Luckily, she alerted me to the possible problems a week before the class. "Excuse me," she asked, with her usual opening phrase, "does the video have captions?"

Ah, yes. Captions. The truth would have been "no", or "possibly", or "blimey, I'd forgotten all about that". Instead, I assured her that it would all be sorted out by next week.

And, by the purest of good fortune, it was. Checking the multiple versions available, I was relieved to find that one of them was indeed captioned. I played a section through. Yes, it was the real deal.

The class began. The lights went out, the video rolled and the students scratched away with their pens. Everything was fine - for the first two minutes, at least. Then there was a pause in the speaker's delivery, followed by a part that just didn't make any sense.

I fast-forwarded and spotted other gaps. The video had been edited and deletions had been made with no regard to coherence. What to do? As I knew the material well, I started to try to describe the missing section myself. "Excuse me," Rowena said, "I can't hear what you're saying."

I usually communicate with her via a transmitter that I wear around my neck. There was another delay as she handed it over and I got it working. Then I attempted to describe the narrative. Through the murk, I could see the rest of the class drifting away from me.

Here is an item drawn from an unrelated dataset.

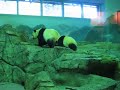 panda-bear-on-a-slide.html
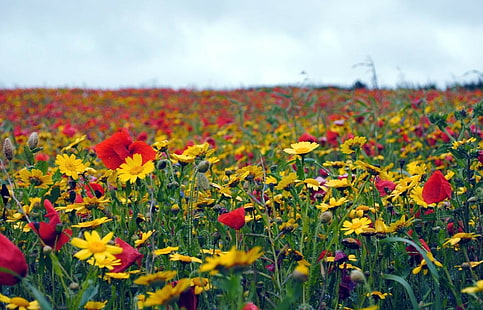 Макове, цветя, поле, лято, настроение, HD тапет HD wallpaper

"All right," I said, a note of desperation creeping in, "I'll play the original version."

"Excuse me," Rowena said, "how can I follow it without captions?" Sweat broke out on my forehead. Then, a moment of inspiration. "I'll hang the transmitter over the speaker," I said.

Rowena gave me a look of deepest scepticism, but it seemed to work - until the video stopped altogether. When I looked again, I realised that it had been posted to YouTube in two sections and the first was at an end. "Oh shit," I exclaimed.

"Excuse me, I can't hear what you're saying."

I turned abruptly and leaped for the transmitter. There was an audible click from a region near the base of my spine. "Aagh!" I shouted. "Excuse me," Rowena chimed.

Crouched in the semi-darkness, clutching my lower vertebrae, I declared the class over. Perhaps age doesn't bring wisdom after all. But it sure as hell brings arthritis.

Stephen Jones is a lecturer at a further education college in London, England.